Terre Blanche, the face of violent white reaction in the dying years of apartheid, was sentenced to a suspended six-year jail term under a plea bargain with prosecutors, National Prosecuting Authority spokesman Makhosini Nkosi said.
Terre Blanche, the leader of the Afrikaner Resistance Movement, is currently serving a six-year sentence for beating a black farmworker in 1996, causing permanent brain damage.
He was convicted of giving orders for at least five bombings ahead of the 1994 vote. The bombers are already serving life sentences for other crimes.
A burly man whose bearded visage once epitomized white extremism to the outside world, Terre Blanche has faded from the political stage but remains a potent symbol for disaffected Afrikaners, white descendants of Dutch and French settlers.

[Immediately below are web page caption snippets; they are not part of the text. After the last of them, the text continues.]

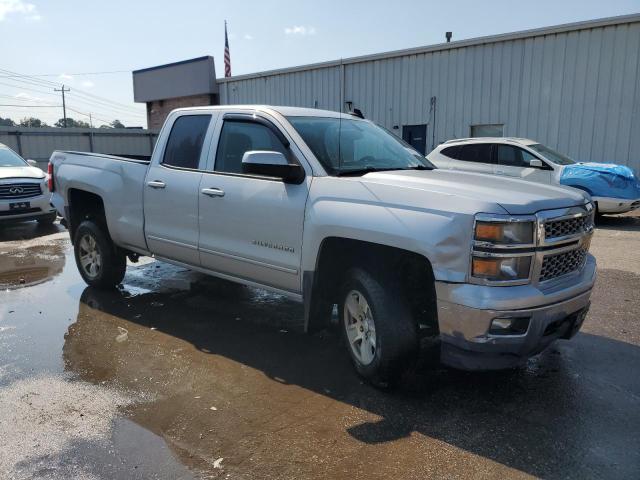 2015 CHEVROLET SILVERADO - 1GCVKREC4FZ380861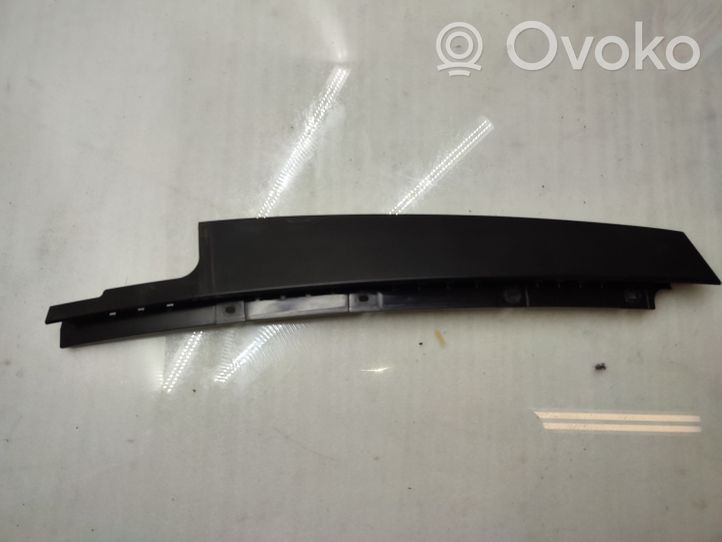 BMW 1 F20 F21 Rivestimento modanatura del vetro della portiera anteriore 7276963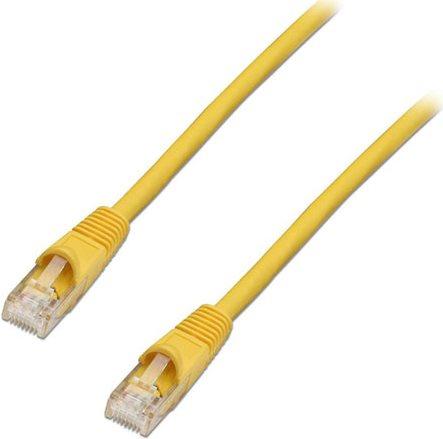 Produktbild Intellinet Patch-Kabel (U/UTP, CAT6, 15 m)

He and his khaki-clad band of supporters threatened to derail democratic elections in 1994 that marked the end of decades of white minority rule.
But the group, which once claimed thousands of members, suffered humiliating setbacks, notably when several of its members were filmed being shot to death in a failed effort to prop up the faltering government of the nominally independent black "homeland" of Bophutatswana shortly before the 1994 polls.

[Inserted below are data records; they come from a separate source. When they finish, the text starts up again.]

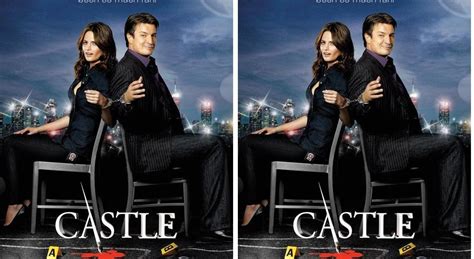 Castle (television) - D23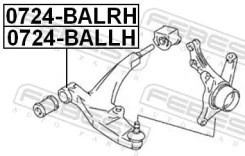 ����� 0724-Balrh �������� ������ 0724BALRH ����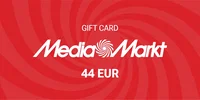 MediaMarkt 44 EUR Gift Card (Germany) thumb 2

Terre Blanche appealed to right-wing Afrikaner sentiment, organizing horseback possessions where armed followers flew banners emblazoned with a symbol reminiscent of the Nazi swastika.
While the group is widely regarded as a spent force, the government still sees white right-wingers as a threat. Twenty-two members of another group, the Boeremag or Farmer Force, are on trial for treason over an alleged plot to topple the government.